6月17日(木)晴れ時々曇り 桜庭小織の気遣いその2

「産賀くん、ちょっといいかなー?」


 昼休み。昼食を取り終えた僕たちが教室で喋っていると、クラスの女子が僕のことを呼んだ。松永から若干の冷やかしを受けるけど、僕はその女子と全く関わりがない。


「桜庭先輩が用事あるから呼んで欲しいって言われたんだ。廊下で待ってるみたい」


「あー……うん、わかった。ありがとう」


「ねぇねぇ、産賀くんって桜庭先輩と何の知り合い?」


「共通の知人がいる……的な?」


 興味津々な女子にそう答えてから廊下へ向かうけど、今のところ用事はさっぱりわからない。僕と桜庭先輩の関わりは今言った共通の知人しかないので、個人的に呼ばれることがあるだなんて想像もしてなかった。


 廊下を出て、窓際に待っていた桜庭先輩は相変わらず柔和な表情で僕を見る。


「ごめんなさいね、急に呼び出して」


「あっ、いえ全然。それで僕に用事って何ですか?」


「月曜日、夢愛に焼きそばパンをくれたでしょ? そのお代を持ってきたの」


 桜庭先輩は小銭を僕に渡す。突然のことに僕はその小銭を見つめてしまった。


「ちゃんと焼きそばパン分の値段になってるはずよ。あ、もちろん、夢愛から貰ったお金だから遠慮なく受け取ってね」


「わ、わざわざありがとうございます」


「本当はその日のうちにって思ったけど、夢愛が産賀くんがどのクラスか知らなかったからちょっと時間が空いてしまったの。それで上級生が1年のクラスを一つずつ見て回るのはどうかなと考えてたら、ちょうど茶道部の子が同じクラスとわかったからちょうど良かったわ」


「そういうことだったんですね」


 そう言いつつも貰った本人である清水先輩ではなく、桜庭先輩が払いに来るのはどうにも変な感じがしてしまう。清水先輩が僕のクラスへ直接乗り込んできたら、それはそれで困るけど。

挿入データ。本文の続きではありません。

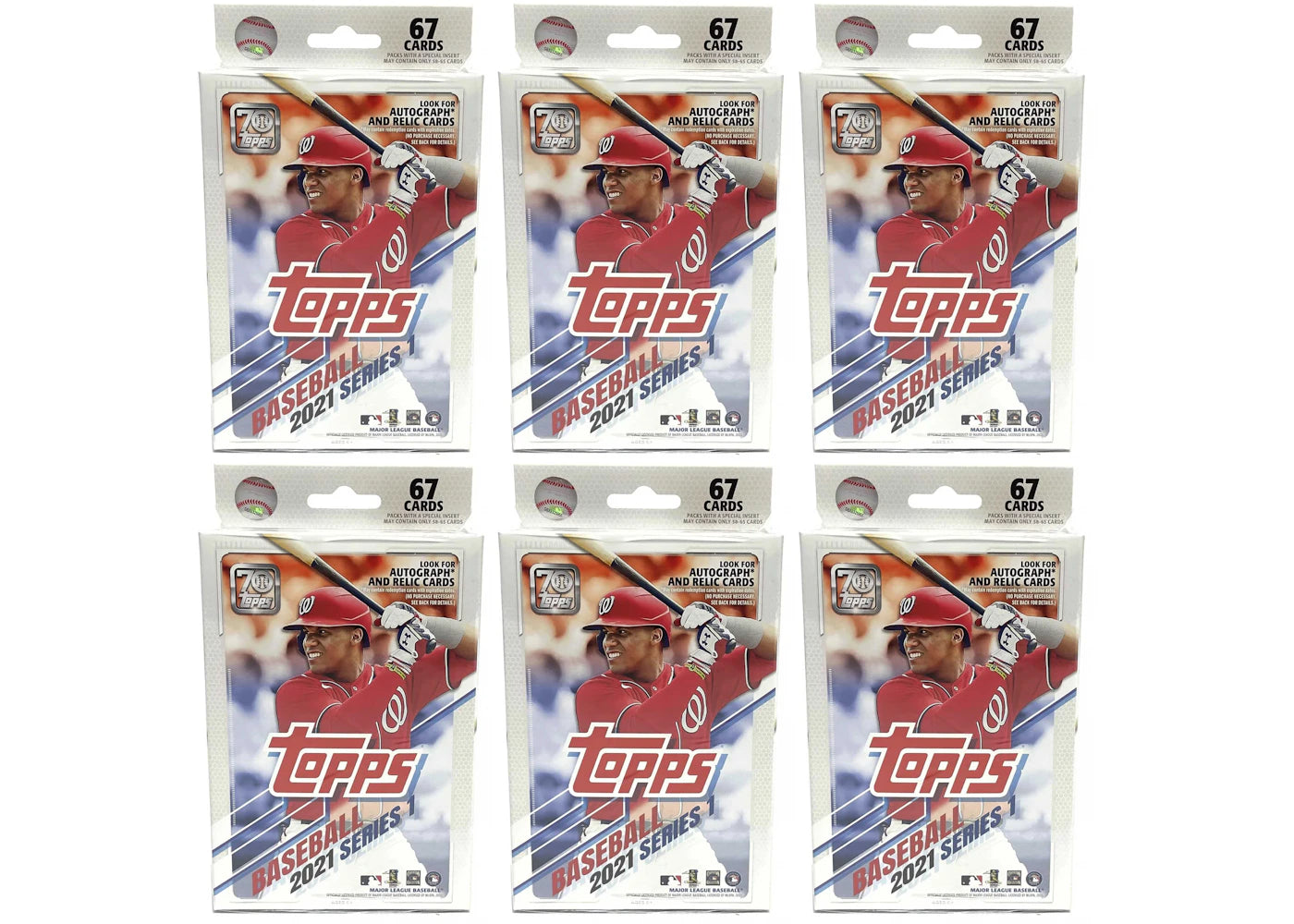 2021 Topps Series 1 Baseball Hanger Box (Autograph and Relic Cards) 6x Lot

「でも、産賀くんも相当お節介ね。お昼買わなかったくらいでパンあげるなんて」


「いえ、僕はたくさんパン買ってましたし、あのままだと昼は食べないとか言ってたのでつい」


「夢愛の言うこと、信じちゃったんだ」


「そ、そうですよね、いくら何でも食べないなんて……」


「ううん。産賀くんの考えは正しいと思うわ。夢愛なら全然やりかねない。だけど、産賀くん。一つ言っておくと……」


「はい?」


「過度なお節介は人によっては迷惑になるわ」


 桜庭先輩は柔和な表情を変えずに、けれど圧がある空気でそう言う。


「す、すみませんでした」


「あら、今回のことは別に良かったのよ、結果的に。でも、これからは気を付けた方がいいと思うわ。あまり首を突っ込み過ぎると、痛い目を見るのはお節介した方なんだから」


 決して怒っている口調ではないけど、淡々と言う桜庭先輩に、僕は委縮して聞くことしかできない。


「時間を取らせてごめんなさい」


「いえ、全然……」


「それじゃあ、引き続き出会うことがあったら夢愛の相手をしてあげてね。さようなら」


 そして、言いたいことを言い終えたであろう桜庭先輩はすぐに去って行った。




「りょーちゃん、何だったの?」


「……貸してたお金が返ってきた」


「なーんだ。それだけかぁ」


 本当にそれだけなら良かった。でも、僕はまた桜庭先輩に気遣って貰ったみたいだ。……いや、桜庭先輩が真に言いたいことはその奥にあるものなのかもしれない。